An obvious lower bound for the number of bowls that is needed is the maximum number of operations one operation directly depends on, plus one. This is directly implied by the problem statement.

However, this figure is not always attainable. By way of contradiction, let operation 1 be dependent on operations 2 and 3. If we know a priori that both operations need 10 bowls to complete, then we actually need 11 bowls to complete operation 1. We arbitrarily pick one of the operations to complete, and then we need to allocate one bowl to store that intermediate result, and then we need 10 more bowls to complete the other operation.
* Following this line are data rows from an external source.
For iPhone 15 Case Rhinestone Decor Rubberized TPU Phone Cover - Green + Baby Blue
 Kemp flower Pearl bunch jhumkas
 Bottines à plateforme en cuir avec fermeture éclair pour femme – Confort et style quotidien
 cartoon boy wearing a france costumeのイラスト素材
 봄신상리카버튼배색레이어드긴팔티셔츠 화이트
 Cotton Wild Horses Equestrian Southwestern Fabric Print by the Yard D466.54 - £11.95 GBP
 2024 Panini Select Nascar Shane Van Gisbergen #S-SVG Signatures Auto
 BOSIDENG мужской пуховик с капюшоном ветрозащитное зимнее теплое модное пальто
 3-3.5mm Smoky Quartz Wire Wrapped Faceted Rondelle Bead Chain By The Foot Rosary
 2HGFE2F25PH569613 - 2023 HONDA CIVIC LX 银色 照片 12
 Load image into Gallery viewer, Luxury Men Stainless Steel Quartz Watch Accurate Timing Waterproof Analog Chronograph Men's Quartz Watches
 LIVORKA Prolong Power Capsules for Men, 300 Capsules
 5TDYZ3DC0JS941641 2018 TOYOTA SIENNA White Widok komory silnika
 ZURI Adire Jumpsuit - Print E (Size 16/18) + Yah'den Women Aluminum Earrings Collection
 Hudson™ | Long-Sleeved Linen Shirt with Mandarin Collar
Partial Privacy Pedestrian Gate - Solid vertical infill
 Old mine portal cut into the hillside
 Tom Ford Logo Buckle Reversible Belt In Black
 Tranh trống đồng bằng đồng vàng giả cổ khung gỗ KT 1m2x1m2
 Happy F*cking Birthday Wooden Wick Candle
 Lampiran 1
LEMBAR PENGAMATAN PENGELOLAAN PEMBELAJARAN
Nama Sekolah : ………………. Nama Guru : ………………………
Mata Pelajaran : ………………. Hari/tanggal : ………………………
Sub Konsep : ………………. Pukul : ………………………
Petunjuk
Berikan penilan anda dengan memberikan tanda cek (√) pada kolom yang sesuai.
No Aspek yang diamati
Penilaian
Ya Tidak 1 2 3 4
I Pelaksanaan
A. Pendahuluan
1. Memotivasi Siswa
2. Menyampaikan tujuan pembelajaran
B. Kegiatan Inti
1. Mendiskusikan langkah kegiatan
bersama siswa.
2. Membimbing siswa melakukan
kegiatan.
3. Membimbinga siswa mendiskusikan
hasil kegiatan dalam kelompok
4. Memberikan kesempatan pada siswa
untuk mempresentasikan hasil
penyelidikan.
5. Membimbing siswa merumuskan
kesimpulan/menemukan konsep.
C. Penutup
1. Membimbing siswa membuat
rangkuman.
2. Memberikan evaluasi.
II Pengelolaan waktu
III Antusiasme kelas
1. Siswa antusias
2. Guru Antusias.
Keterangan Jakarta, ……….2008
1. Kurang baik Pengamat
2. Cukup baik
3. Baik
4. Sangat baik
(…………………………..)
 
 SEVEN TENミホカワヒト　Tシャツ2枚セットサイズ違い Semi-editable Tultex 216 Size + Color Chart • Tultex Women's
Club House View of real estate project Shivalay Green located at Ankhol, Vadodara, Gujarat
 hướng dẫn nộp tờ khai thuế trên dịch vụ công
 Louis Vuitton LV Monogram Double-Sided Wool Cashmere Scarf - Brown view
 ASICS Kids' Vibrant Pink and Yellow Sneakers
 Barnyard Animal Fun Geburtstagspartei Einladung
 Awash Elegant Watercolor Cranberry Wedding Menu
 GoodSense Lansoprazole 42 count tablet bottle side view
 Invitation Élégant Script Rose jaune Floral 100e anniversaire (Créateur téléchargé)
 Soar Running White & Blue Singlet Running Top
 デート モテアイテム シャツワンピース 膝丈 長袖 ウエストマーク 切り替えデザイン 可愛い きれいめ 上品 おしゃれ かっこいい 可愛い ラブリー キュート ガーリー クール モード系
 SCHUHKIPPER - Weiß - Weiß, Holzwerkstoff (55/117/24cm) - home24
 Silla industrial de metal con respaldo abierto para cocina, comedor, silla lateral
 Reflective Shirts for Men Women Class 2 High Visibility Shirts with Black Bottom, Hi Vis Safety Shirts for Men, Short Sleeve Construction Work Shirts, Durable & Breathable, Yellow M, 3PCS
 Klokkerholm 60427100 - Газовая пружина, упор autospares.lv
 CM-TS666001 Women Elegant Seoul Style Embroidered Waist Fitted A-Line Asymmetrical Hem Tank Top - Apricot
This leads us to our first critical realization - given operations ~x_1~ through operations ~x_k~ that operation 1 directly depends on, we should not interleave intermediate operations from two distinct ones. Therefore, we should select some operation and commit to finishing it before switching to another one that operation 1 depends on.

What order should we commit to finishing them in? Intuitively, we should commit to the operations which use the most bowls first. Formally, let ~f(n)~ be the minimum number of bowls needed to complete operation ~n~. If ~n~ does not depend on any operations, ~f(n)~ is equal to ~1~. Otherwise, consider the operations ~x_1~ through ~x_k~ that operation ~n~ directly depends on, and compute ~f(x_1)~ through ~f(x_k)~. Assume without loss of generality that ~f(x_i) \ge f(x_{i+1})~ for ~1 \le i \le k-1~. ~f(n)~ is therefore equal to ~\max(k+1, f(x_1), f(x_2)+1, \dots, f(x_k) + (k-1))~.

This runs in ~\mathcal O(N \log N)~ if done naively, and can be optimized to ~\mathcal O(N)~ though that improvement is not necessary.